Please copy out the entries below exactly, beginning with the line that contains "Kawasaki ATJ 53" and ending with the line that contains "Pinal county zoning map", and include nothing outside that span.

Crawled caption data
# # # #
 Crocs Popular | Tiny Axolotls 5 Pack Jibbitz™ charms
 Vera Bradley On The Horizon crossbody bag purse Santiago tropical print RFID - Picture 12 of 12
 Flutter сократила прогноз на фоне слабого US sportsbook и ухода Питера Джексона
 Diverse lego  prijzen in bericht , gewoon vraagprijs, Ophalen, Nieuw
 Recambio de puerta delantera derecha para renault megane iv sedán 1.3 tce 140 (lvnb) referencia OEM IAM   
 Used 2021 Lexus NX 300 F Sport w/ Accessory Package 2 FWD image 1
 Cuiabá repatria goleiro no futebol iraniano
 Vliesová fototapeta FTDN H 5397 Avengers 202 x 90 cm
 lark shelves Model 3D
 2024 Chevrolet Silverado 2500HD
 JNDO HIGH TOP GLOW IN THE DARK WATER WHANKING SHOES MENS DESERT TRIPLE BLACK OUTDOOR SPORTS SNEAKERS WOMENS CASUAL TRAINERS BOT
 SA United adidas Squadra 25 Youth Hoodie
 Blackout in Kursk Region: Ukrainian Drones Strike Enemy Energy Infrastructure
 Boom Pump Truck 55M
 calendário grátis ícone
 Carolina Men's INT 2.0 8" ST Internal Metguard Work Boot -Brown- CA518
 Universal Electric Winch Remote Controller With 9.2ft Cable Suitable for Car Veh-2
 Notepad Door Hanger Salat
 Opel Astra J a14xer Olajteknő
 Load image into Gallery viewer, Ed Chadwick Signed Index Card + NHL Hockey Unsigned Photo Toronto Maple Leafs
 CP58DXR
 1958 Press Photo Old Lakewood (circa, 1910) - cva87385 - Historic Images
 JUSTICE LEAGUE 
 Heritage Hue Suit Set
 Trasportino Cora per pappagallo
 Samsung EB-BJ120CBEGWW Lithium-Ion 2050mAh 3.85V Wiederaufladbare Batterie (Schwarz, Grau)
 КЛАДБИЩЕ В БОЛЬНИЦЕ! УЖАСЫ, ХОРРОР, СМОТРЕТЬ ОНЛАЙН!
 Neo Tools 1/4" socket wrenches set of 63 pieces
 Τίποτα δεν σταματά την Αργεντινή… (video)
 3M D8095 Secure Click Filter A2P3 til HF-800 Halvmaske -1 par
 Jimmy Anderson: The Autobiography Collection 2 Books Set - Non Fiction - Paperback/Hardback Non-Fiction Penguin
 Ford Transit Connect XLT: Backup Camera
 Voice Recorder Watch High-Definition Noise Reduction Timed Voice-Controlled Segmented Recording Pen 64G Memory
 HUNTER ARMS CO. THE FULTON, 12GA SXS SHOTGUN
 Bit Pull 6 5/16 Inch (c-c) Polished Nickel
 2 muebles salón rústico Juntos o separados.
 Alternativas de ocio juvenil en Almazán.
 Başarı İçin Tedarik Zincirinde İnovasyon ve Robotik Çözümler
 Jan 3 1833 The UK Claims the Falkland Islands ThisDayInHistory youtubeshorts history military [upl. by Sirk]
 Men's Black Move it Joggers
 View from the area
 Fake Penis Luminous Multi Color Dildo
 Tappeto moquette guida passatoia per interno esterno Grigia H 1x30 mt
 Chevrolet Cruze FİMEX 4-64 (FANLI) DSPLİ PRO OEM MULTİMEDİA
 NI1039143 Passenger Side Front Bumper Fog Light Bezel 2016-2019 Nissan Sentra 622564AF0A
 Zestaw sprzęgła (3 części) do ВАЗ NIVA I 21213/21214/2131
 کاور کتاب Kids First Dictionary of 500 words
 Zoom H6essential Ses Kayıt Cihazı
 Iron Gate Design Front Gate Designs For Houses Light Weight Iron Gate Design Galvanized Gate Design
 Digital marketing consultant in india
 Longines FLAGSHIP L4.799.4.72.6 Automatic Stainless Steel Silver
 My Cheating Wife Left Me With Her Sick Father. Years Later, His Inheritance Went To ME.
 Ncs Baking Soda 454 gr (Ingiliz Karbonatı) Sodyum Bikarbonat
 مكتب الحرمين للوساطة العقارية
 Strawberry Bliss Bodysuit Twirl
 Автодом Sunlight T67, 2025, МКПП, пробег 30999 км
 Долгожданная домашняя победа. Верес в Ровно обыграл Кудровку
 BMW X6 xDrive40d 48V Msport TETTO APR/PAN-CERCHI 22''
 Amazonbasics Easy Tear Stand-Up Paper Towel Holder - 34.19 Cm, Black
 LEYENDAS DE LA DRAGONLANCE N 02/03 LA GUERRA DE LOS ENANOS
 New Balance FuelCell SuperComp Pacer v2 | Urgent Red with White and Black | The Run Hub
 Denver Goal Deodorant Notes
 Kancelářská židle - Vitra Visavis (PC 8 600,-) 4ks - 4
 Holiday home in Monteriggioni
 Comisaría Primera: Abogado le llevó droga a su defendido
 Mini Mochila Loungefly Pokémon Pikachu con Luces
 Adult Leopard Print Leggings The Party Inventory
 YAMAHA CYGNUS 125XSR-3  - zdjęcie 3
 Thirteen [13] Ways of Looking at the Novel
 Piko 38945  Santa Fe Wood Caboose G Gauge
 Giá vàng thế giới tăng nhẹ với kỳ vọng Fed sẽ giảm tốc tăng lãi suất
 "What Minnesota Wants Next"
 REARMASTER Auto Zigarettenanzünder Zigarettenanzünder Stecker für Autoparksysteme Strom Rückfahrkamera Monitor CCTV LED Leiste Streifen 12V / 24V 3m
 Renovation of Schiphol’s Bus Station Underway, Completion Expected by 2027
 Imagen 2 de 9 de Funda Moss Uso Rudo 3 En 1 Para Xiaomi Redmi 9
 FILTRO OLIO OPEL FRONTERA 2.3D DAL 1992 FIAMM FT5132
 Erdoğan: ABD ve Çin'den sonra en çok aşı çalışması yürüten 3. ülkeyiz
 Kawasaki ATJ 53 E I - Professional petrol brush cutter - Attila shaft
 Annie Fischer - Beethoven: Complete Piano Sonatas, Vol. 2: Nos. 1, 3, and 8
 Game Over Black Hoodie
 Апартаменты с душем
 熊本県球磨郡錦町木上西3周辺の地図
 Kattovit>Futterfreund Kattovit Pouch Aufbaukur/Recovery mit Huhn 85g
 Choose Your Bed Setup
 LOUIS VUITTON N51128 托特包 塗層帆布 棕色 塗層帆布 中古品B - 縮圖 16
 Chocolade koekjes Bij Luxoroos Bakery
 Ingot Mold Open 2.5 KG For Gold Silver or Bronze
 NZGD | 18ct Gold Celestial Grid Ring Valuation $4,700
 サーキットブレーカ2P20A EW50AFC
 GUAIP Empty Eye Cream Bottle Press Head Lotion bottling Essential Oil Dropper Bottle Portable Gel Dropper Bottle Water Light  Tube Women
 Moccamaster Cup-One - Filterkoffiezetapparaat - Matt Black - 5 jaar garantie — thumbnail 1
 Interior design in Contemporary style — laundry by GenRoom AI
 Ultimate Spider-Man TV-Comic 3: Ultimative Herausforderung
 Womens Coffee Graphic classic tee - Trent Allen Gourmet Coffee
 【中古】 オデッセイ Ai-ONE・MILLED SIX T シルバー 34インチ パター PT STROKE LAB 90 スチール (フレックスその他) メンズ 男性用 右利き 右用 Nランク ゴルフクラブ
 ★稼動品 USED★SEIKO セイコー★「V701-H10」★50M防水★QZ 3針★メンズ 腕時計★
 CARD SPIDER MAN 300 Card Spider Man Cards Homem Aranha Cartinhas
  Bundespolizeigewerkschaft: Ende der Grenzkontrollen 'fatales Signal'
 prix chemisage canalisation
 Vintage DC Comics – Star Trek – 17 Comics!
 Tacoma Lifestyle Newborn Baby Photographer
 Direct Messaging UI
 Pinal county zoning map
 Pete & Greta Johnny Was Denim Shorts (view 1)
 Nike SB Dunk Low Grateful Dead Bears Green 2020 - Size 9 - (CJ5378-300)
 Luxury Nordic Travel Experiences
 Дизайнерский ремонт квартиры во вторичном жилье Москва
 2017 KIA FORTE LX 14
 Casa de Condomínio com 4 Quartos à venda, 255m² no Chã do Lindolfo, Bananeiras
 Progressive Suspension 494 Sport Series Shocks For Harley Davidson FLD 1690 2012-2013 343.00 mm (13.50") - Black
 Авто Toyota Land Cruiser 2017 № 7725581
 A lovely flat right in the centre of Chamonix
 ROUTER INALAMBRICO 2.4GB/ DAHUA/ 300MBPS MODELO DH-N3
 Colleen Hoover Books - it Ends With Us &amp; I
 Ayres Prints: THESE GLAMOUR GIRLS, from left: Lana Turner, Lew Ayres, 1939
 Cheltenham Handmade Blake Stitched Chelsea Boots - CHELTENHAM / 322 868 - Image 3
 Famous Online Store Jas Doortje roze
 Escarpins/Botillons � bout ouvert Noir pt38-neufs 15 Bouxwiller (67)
# # # #
> _Result_:
 Kawasaki ATJ 53 E I - Professional petrol brush cutter - Attila shaft
 Annie Fischer - Beethoven: Complete Piano Sonatas, Vol. 2: Nos. 1, 3, and 8
 Game Over Black Hoodie
 Апартаменты с душем
 熊本県球磨郡錦町木上西3周辺の地図
 Kattovit>Futterfreund Kattovit Pouch Aufbaukur/Recovery mit Huhn 85g
 Choose Your Bed Setup
 LOUIS VUITTON N51128 托特包 塗層帆布 棕色 塗層帆布 中古品B - 縮圖 16
 Chocolade koekjes Bij Luxoroos Bakery
 Ingot Mold Open 2.5 KG For Gold Silver or Bronze
 NZGD | 18ct Gold Celestial Grid Ring Valuation $4,700
 サーキットブレーカ2P20A EW50AFC
 GUAIP Empty Eye Cream Bottle Press Head Lotion bottling Essential Oil Dropper Bottle Portable Gel Dropper Bottle Water Light  Tube Women
 Moccamaster Cup-One - Filterkoffiezetapparaat - Matt Black - 5 jaar garantie — thumbnail 1
 Interior design in Contemporary style — laundry by GenRoom AI
 Ultimate Spider-Man TV-Comic 3: Ultimative Herausforderung
 Womens Coffee Graphic classic tee - Trent Allen Gourmet Coffee
 【中古】 オデッセイ Ai-ONE・MILLED SIX T シルバー 34インチ パター PT STROKE LAB 90 スチール (フレックスその他) メンズ 男性用 右利き 右用 Nランク ゴルフクラブ
 ★稼動品 USED★SEIKO セイコー★「V701-H10」★50M防水★QZ 3針★メンズ 腕時計★
 CARD SPIDER MAN 300 Card Spider Man Cards Homem Aranha Cartinhas
  Bundespolizeigewerkschaft: Ende der Grenzkontrollen 'fatales Signal'
 prix chemisage canalisation
 Vintage DC Comics – Star Trek – 17 Comics!
 Tacoma Lifestyle Newborn Baby Photographer
 Direct Messaging UI
 Pinal county zoning map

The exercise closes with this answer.